Phoenix — Doing a book tour is an enlightening, enriching, though often humbling, experience. My sporadic travels over the last six months, courtesy of a Jewish Book Council program encouraging communities to host Jewish authors, have given me new insights into how Jewish life plays out around the country, marked by both great contrasts and strong similarities.
One of the comic low points for me in my dozen or so talks so far at JCCs, synagogues and book fairs around the country, discussing “Between The Lines,” a collection of some of my Jewish Week columns, came when I spoke at the Tenafly (N.J.) JCC one week night last fall. The turnout was small, and at the end of the evening an older woman was one of a handful of people who purchased my book. (All proceeds, by the way, go to The Jewish Week, which published it.) She asked me to sign it for her, and when I asked her how I should make it out, she looked at me as if I was a half-wit, and said slowly, “How about signing your name?”
By contrast, the presentation I gave Feb. 1 in Albuquerque, N.M., at an all-day Jewish educational, social and cultural program called “A Taste Of Honey,” drew more than 150 people, quite a feat for a Jewish community that numbers under 25,000 for the entire state, according to officials there.

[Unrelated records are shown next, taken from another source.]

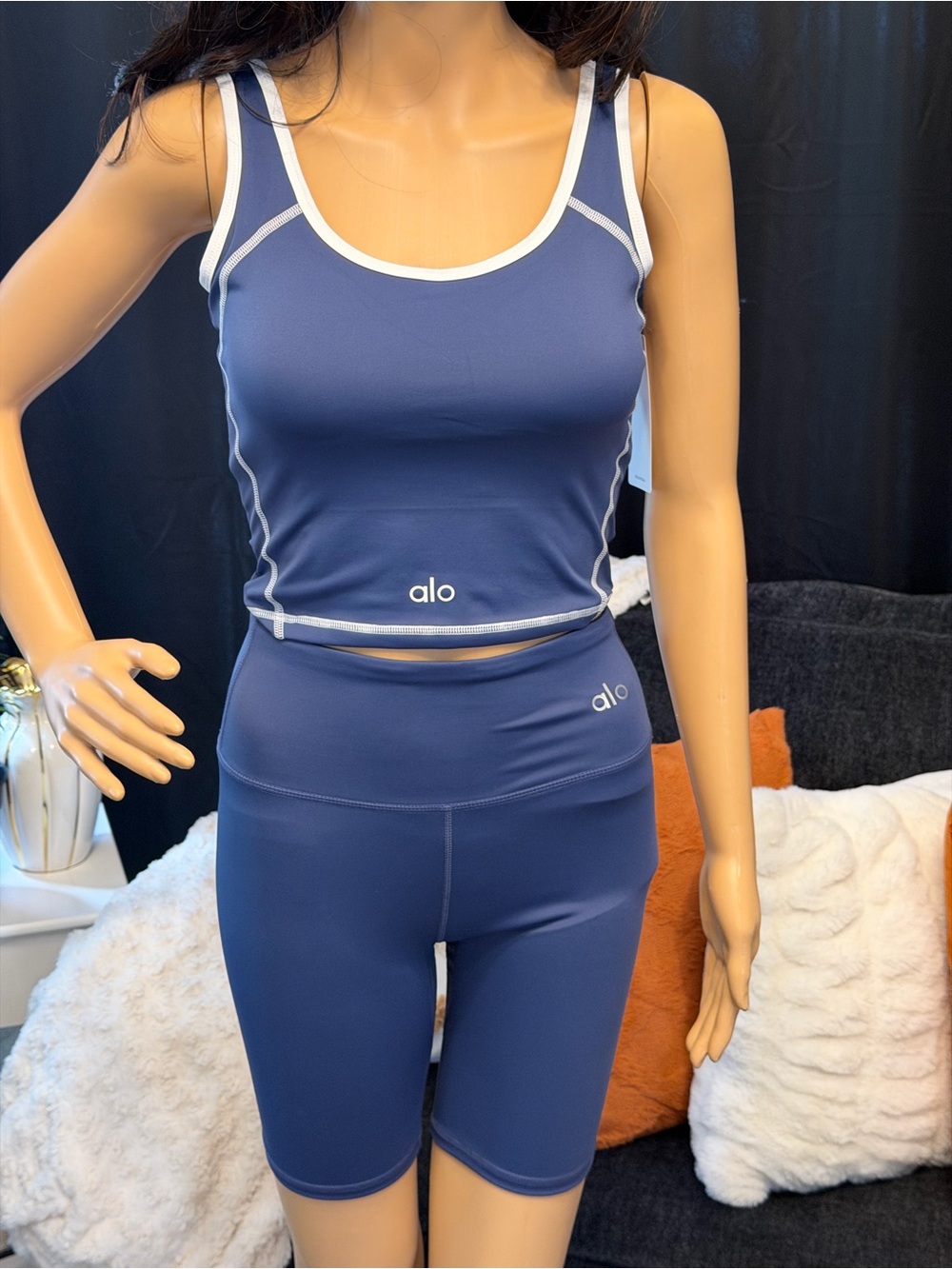 ALO Yoga Navy and White Tank & Bike Short Set - Picture 4 of 9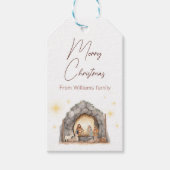 Étiquettes-cadeau Balises cadeaux de Noël Illustrated Nativité (Devant)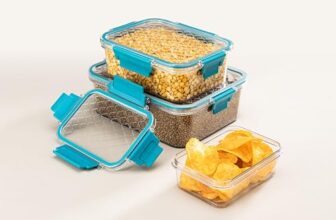 ATTRO Smart Lock Fridge Containers PET Plastic Jars Airtight Lids Multi-Purpose Kitchen Organiser for Pulses Cereals Spices & More – Light Blue- Set Of 3-350ml, 750ml, 1500ml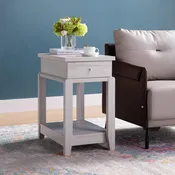223049  White oak finish wood chair side accent end table with drawer and lower shelf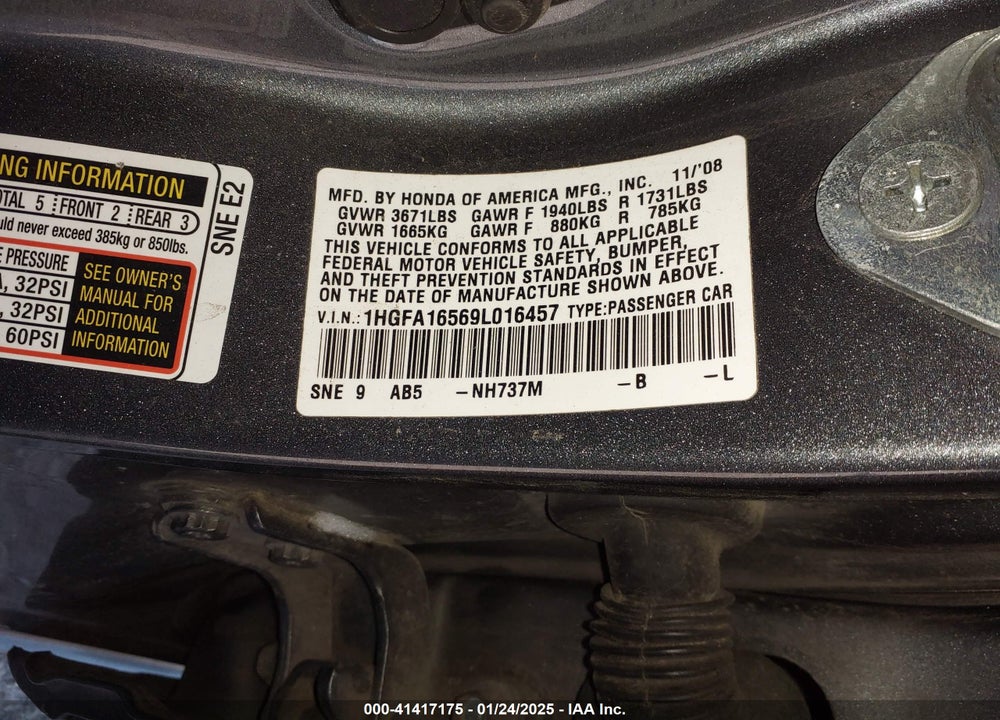 2009 HONDA CIVIC LX VIN: 1HGFA16569L016457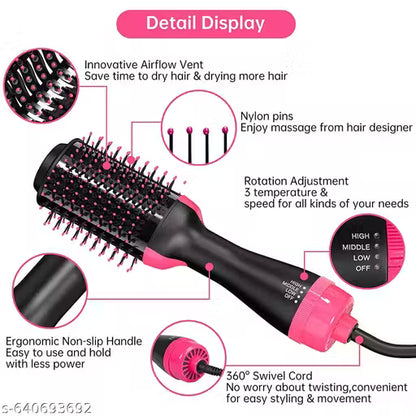 3-in-1 Hot Air Brush Hair Dryer & Volumizer – Salon Blow Dryer, Straightener & Styler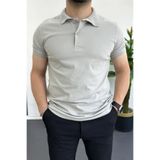 Edwox Erkek Slim Fit Düz Renk Pamuklu Soft Polo Tişört Gri Edw365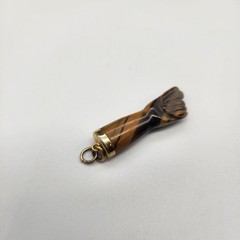 Vintage Hand Carved Tiger’s Eye Mano Figa Hand Pendant Good Luck Evil Eye Charm
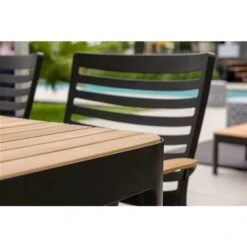 Ensemble à Dîner Extérieur Portals De LifestyleGarden Noir Et Gris Table 82,7 Po 9 Pièces -Outsunnies Boutique 332004107 AlternateImage4 l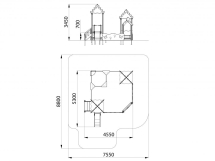 МФ 3.22 Песочный дворик с горкой H=700мм МФ 3.22 Песочный дворик с горкой H=700мм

Carolyn Hessel, the outgoing director of the book council, had encouraged me to accept the local JCC’s offer to speak in Albuquerque, noting that the community was “small but appreciative,” and she was right. (One welcome sign was that all 40 copies of my book there were sold, a high for me on the tour that has included lows in the single digits. Like I said, book tours can be humbling.)
On a clear, sunny day, with snow-capped mountains only a 10-minute drive from the JCC, about 200 people came from hundreds of miles away to hear talks on a variety of subjects from Jewish liturgy to the music of Irving Berlin, with a special emphasis on crypto-Jews and conversos, often described as “hidden Jews” whose ancestors were forced by the Inquisition to convert to Catholicism.
New Mexico is believed to have a significant number of crypto-Jews, and the day after the program I met with a local woman who tearfully described the emotional pain she has endured, being cut off from most of her family for identifying as a Jew. She asked me not to use her name for fear of further alienating herself from her Catholic-practicing relatives, but encouraged me to explore the topic, insisting that there are many people like her who seek acceptance in and understanding from the Jewish community.
On Sunday I was one of dozens of presenters at LimmudAZ, an inaugural event for the Phoenix Jewish community and neighboring cities. Held on the campus of Arizona State University in Tempe, the daylong program fostered the spirit and goals of Limmud, a volunteer-based, pluralistic, international network that promotes Jewish life and learning. To the delight of its organizers, it attracted more than 400 enthusiastic participants.
In addition to the over-50 crowd, which makes up the majority of audiences at Jewish book events around the country, there were a number of students from ASU. Four Hillel interns discussed their efforts to counter anti-Israel activity on campus, which is considered “moderately active.” Hillel approach, they explained, is to sponsor proactive, pro-Israel programs rather than react directly to pro-Palestinian campaigns.
Last summer I spoke at the Modern Orthodox synagogue in West Hampton, L.I., and the Reform congregation in East Hampton. Despite their theological differences, the issues raised were quite similar. Since my talks touched on the challenges of a Jewish journalist to be both a loyal member of the community and an independent and sometimes critical voice, there were thoughtful questions and comments that reflected the deteriorating relationship between President Obama and Israeli Prime Minister Netanyahu.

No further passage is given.